Stock prices began to drop sharply in the fall of 1929 and eventually crashed, bringing bank failures in their wake as banks’ investments in stocks lost value. The lack of banking regulations meant that if a bank went bankrupt, those who had placed their money on deposit there lost all their savings. Ironically, when customers began to withdraw their funds because they feared a bank would fail, they often inadvertently triggered that failure, since banks hold only a small percentage of their money as cash in their vaults and invest the rest. Not only did these failures hurt depositors in the banks; they left many communities without the means to obtain loans for businesses or farms, which further compromised the economic health of an area.
Contributing to the Depression was the buying of consumer items on credit. When the Depression came, households struggling with job losses put their remaining income into keeping a roof over their heads and food on the table. Their defaults on their credit payments starved the stores, which then had to lay off more workers to stay afloat. Meanwhile U.S. industry had grown significantly and was producing consumer goods at an unprecedented rate. With consumers both at home and abroad unable to purchase, however, the twin problems of overproduction and underconsumption ground the economy to a halt. Contributing to this financial catastrophe was the unequal distribution of wealth. When the Depression began, the majority of American families (80 percent) had no savings at all, so a job loss quickly led to homelessness and hunger (Figure 12.11).

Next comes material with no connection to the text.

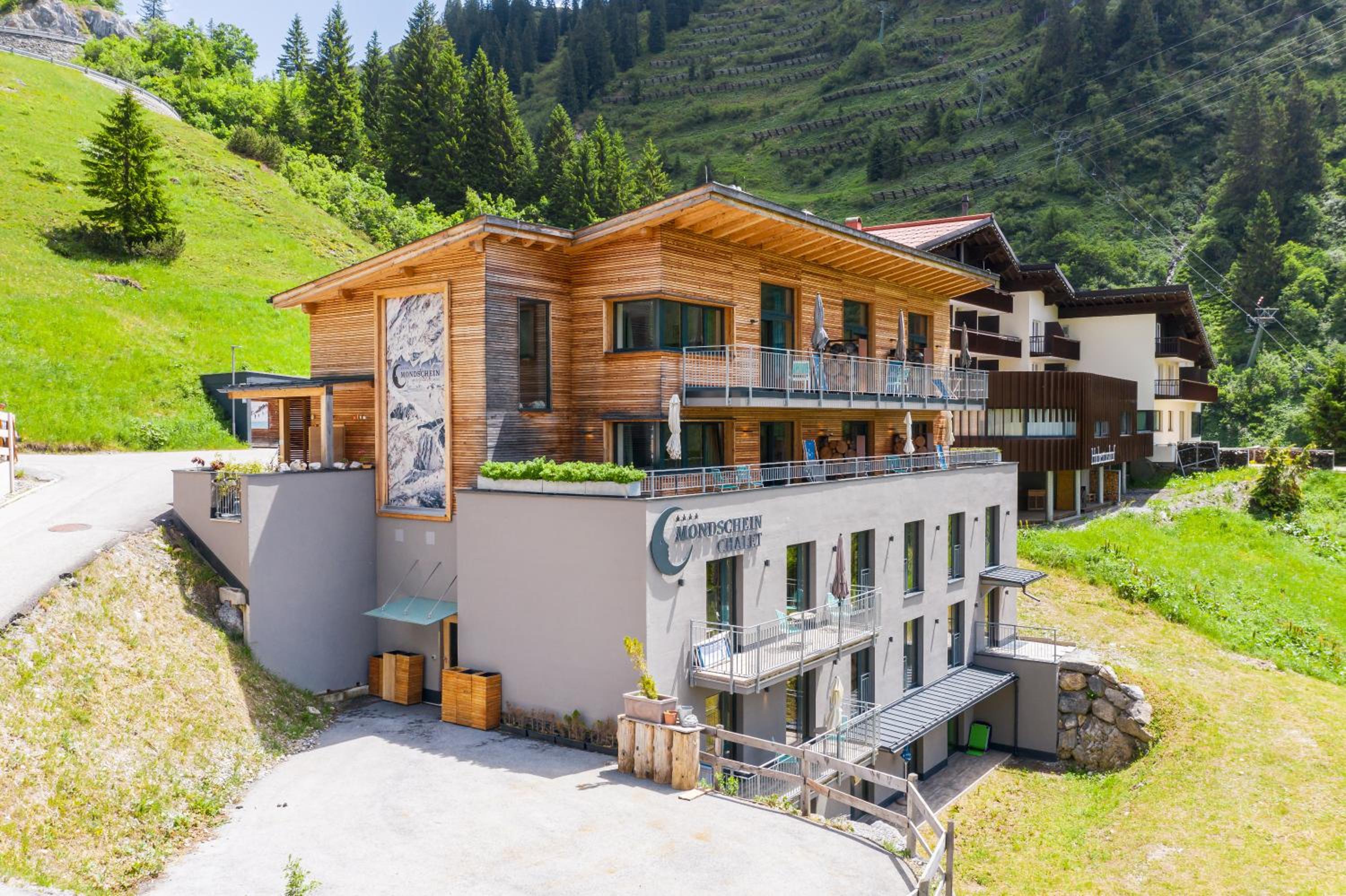 Mondschein Chalet Ski-In Ski-Out 7/34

The Smoot-Hawley Tariff Act of 1930 was an example of the isolationist and protectionist policies the U.S. government followed in the 1920s. An increased tariff of nearly 40 percent had already been enacted in 1922. Smoot-Hawley raised tariff rates another 20 percent on more than twenty thousand kinds of imported goods, supposedly to protect American farmers and industries from foreign competition. These extreme rates caused other countries to institute their own retaliatory high tariff rates on U.S. goods. Therefore, the industrial might of the United States was stymied because its residents were unable to purchase goods due to job losses and lack of income, and its businesses were unable to recoup any of their monies by selling goods overseas. Smoot-Hawley was the highest tariff the U.S. government has ever enacted. It helped stifle world trade, which decreased 30 percent by the early 1930s.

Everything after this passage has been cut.